There are indeed many sensible, patriotic young people — we should appreciate them!

These are intelligent, kind-hearted, patriotic young people who gladly rebel against the horror they see and read about in the world around them. We meet these young people at every important point in their lives. They encounter us when they have the opportunity for a free driver’s license or a free language exam. They encounter us when they start working, choose a profession, and we support them in that. They encounter us when they are exempt from paying personal income tax until the age of 25. They encounter us when, while everywhere else in Europe people are heading toward a future where they may never be able to save enough for their own home and rental programs dominate, we support home ownership. So tax benefits, support for starting a family, benefits for young mothers — the list could go on.

I believe that the vast majority of young people decide according to real life. I do not have such a negative opinion of them as to think they do not understand what is truly happening. On the contrary, I have a much more positive view of them. There will always be a vocal minority among young people who do not agree with us. I also believe that, to a significant extent, this does not come from home. Families can do a great deal — above all families — because they are the ones who can truly equip young people with real values and help them filter the information that tries to intrude upon them.

1️⃣ Idealized Image of Youth (Positive Identity Framing)

📌 Technique: idealization + positive labeling

“intelligent, kind-hearted, patriotic, national, smart young people”

👉 Young people are portrayed as a homogeneous, morally elevated community.
👉 The accumulation of positive adjectives creates emotional attachment.

🎯 Effect:

  • Provides an opportunity for identification
  • Creates the feeling: “If you are like this, you belong with us”
  • Builds moral legitimacy

2️⃣ “We Are Always Present” (Narrative of the Caring State)

📌 Technique: caring-state framing + repetition

“They meet us… they meet us when… they meet us when…”

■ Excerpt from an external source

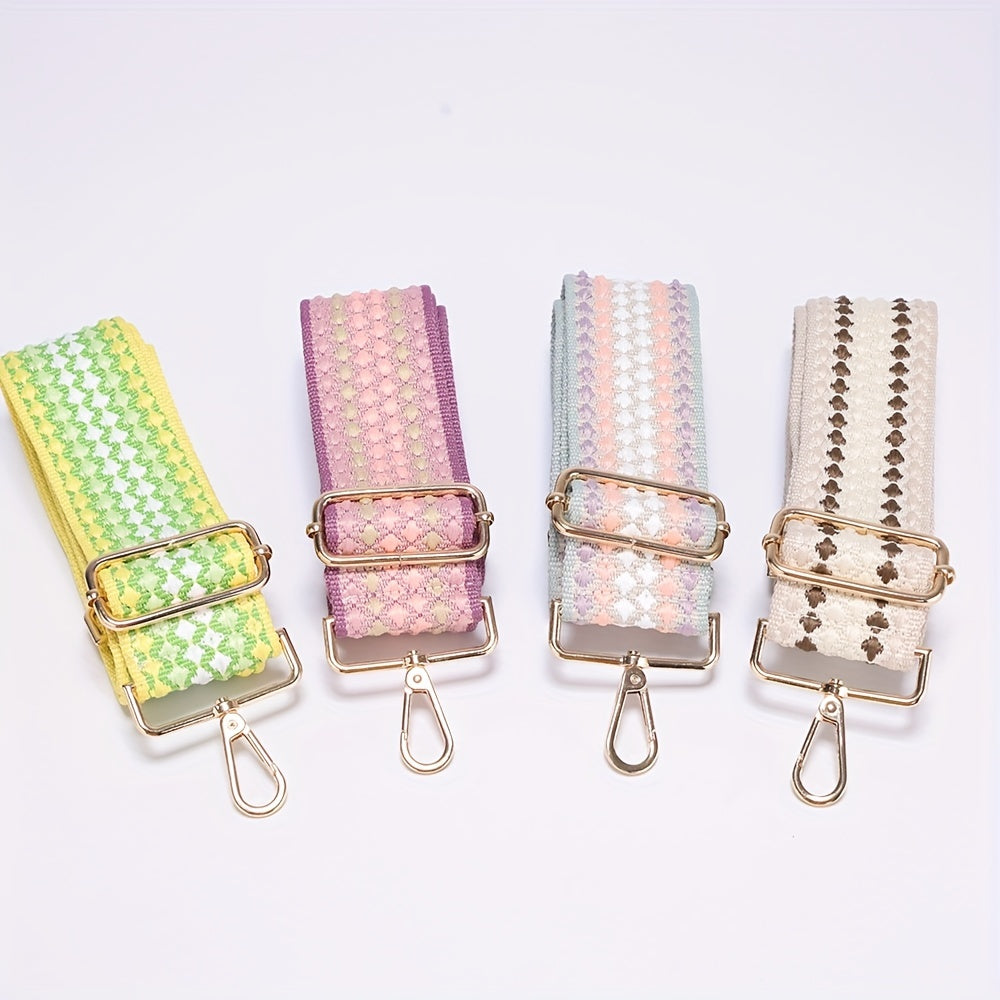 Colorblock Pattern Bag Strap Lightweight Adjustable Travel Accessories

👉 The rhythm of repetition is deliberate.
👉 The government appears as a continuously present, supportive actor at every stage of life.

🎯 Effect:

  • Strengthens a sense of security
  • Normalizes a dependent relationship
  • State = stable background

3️⃣ Negative Contrast with Europe

📌 Technique: contrast framing + implicit fear

“In Europe everywhere… they will never be able to save up for their own home”

👉 “Everywhere, everyone” is an overgeneralization.
👉 Western Europe is framed as problematic, Hungary as the exception.

🎯 Effect:

  • Activates national pride
  • Creates a sense of external threat
  • Reinforces the “we are better” narrative

4️⃣ Implicit Delegitimization (“Vocal Minority”)

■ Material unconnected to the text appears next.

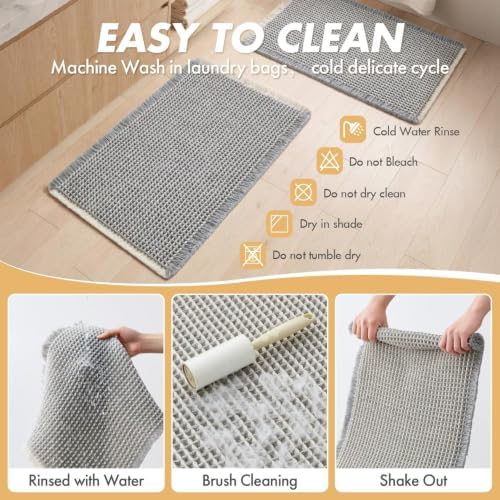 MIULEE Set of 2 Waffle Bathroom Rugs LightGrey&Cream 17"x24"+17"x48"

📌 Technique: minority framing + marginalization

“There will always be a vocal minority…”

👉 Critical young people are framed not as holding legitimate political views, but as noise.

🎯 Effect:

  • Relativizes opposing opinions
  • Creates the illusion of majority truth
  • Generates conformity pressure

5️⃣ Family as Filter – Monopoly on Values

📌 Technique: moral gatekeeping + implicit suspicion

“it largely does not come from home”
“the family can provide real values”

👉 Politically critical youth opinions are indirectly linked to family background.
👉 The phrase “intruding information” uses an invasion metaphor.

🎯 Effect:

  • Activates a narrative of external influence
  • Encourages cultural defensiveness
  • Emotionally involves parental responsibility

6️⃣ “Deciding According to Life” – Moral Superiority

📌 Technique: value-based framing

“young people decide according to life”

👉 The speaker’s political side = reality
👉 The opposing side = abstract, ideological

🎯 Effect:

  • Replaces rational debate with value-based justification
  • Projects moral confidence

🧠 Overall Picture

The text is not concrete policy argumentation, but rather:

  • Identity construction
  • A narrative of the caring state
  • External negative contrast
  • Marginalization of critics
  • Politicization of family values

This is a soft, positively toned form of propaganda — not openly aggressive, but integrative — yet it still frames reality and excludes alternative interpretations.